De l’Église gallicane dans son rapport avec le souverain pontife/I/10

H. Goemaere (Œuvres de Joseph de Maistre, IVp. 144-145).



CHAPITRE X.


RELIGIEUSES DE PORT-ROYAL.


Mais qu’a-t-on vu dans ce genre d’égal au délire des religieuses de Port-Royal ? Bossuet descend jusqu’à ces vierges folles ; il leur adresse une lettre qui est un livre, pour les convaincre de la nécessité d’obéir. La Sorbonne a parlé, l’Église gallicane a parlé, le Souverain Pontife a parlé, l’Église universelle a parlé aussi à sa manière, et peut-être plus haut, en se taisant. Toutes ces autorités sont nulles au tribunal de ces filles rebelles. La supérieure a l’impertinence d’écrire à Louis XIV une lettre où elle le prie « de vouloir bien considérer s’il pouvait en conscience supprimer, sans jugement canonique, un monastère légitimement établi pour donner des servantes à J.-C. dans la suite de tous les siècles[1].

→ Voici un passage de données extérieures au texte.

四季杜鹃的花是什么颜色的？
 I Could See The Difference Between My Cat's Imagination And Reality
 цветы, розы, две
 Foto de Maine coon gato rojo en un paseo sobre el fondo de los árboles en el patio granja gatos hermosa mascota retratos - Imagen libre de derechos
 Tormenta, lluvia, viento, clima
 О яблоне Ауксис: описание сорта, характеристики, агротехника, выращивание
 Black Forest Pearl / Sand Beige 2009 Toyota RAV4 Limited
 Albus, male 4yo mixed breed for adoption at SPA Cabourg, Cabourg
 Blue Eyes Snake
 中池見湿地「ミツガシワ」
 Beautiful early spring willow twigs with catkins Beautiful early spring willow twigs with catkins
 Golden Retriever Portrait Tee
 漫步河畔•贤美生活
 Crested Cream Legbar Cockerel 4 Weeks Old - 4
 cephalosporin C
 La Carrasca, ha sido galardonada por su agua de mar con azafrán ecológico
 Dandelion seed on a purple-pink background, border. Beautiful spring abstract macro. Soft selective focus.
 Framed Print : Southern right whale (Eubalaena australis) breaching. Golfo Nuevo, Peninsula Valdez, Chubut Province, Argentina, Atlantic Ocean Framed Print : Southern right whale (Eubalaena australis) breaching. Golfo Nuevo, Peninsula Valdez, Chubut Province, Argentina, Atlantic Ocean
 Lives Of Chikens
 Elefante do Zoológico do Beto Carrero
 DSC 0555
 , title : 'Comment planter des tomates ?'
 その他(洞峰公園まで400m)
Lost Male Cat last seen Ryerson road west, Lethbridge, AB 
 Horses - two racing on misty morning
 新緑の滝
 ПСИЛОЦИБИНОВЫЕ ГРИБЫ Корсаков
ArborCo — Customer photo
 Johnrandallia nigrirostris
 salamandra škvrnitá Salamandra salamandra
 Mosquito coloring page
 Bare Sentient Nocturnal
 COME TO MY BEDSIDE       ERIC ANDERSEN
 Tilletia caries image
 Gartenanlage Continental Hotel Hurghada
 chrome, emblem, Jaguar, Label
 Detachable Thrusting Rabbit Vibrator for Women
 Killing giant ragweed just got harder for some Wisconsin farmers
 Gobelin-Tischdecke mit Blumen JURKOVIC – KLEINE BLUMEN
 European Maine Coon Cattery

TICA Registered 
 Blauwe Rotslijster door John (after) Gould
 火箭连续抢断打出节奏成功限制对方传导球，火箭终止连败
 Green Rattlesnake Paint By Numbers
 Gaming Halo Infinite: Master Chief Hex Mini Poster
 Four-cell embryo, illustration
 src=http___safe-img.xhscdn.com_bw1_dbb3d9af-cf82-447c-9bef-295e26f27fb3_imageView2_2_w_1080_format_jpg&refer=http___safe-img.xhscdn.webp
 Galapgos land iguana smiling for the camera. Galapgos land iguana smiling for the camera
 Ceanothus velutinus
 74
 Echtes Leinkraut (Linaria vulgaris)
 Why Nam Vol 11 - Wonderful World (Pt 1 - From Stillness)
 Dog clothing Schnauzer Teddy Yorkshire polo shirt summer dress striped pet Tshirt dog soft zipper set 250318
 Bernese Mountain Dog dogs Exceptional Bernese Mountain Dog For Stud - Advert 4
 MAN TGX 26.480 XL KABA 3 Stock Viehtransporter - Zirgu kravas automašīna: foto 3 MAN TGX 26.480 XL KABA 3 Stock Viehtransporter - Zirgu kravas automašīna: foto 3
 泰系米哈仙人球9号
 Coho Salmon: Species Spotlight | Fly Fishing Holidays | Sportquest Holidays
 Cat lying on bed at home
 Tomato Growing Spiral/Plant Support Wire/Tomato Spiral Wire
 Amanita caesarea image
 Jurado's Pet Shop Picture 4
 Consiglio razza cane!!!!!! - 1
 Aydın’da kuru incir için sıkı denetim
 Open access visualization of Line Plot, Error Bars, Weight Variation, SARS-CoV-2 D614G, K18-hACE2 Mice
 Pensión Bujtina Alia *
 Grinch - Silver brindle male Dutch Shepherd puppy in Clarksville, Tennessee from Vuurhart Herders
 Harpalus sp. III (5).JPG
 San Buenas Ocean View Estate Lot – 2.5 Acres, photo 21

Ainsi, des religieuses s’avisent d’avoir un avis contre une décision solennelle des deux puissances, et de protester qu’elles ne peuvent obéir en conscience ; et l’on s’étonne que Louis XIV ait très-sagement et très-modérément dispersé les plus folles (dix-huit seulement sur quatre-vingts) en différents monastères, pour éviter le contact si fatal dans les moments d’effervescence. Il pouvait faire plus sans doute ; mais que pouvait-il faire de moins ?

Racine, qui nous a raconté ces grands événements, est impayable avec son pathétique. « Les entrailles de la mère Agnès, dit-il, furent émues, lorsqu’elle vit sortir ces pauvres filles (des pensionnaires) qu’on venait enlever les unes après les autres, et qui, comme d’innocents agneaux, perçaient le ciel de leurs cris, en venant prendre congé d’elle et lui demandant sa bénédiction[2]. »

En lisant cette citation détachée, on serait porté à croire qu’il s’agit de quelque scène atroce de l’Histoire ancienne, d’une ville prise d’assaut dans les siècles barbares[3], ou d’un proconsul du quatrième siècle, arrachant des vierges chrétiennes aux bras maternels pour les envoyer à l’échafaud, en prison ou ailleurs ; — mais non : c’est Louis XIV, qui, de l’avis de ses deux conseils d’État et de conscience, enlève de jeunes pensionaires[4] au monastère de Port-Royal, où elles auraient infailliblement achevé de se gâter l’esprit, pour les renvoyer — chez leurs parents.

…Quis talia fando,
Temperet à lacrymis… ?

Voilà ce qu’on nommait et ce qu’on nomme encore persécution. Il faut cependant avouer que celle de Dioclétien avait quelque chose de plus sombre.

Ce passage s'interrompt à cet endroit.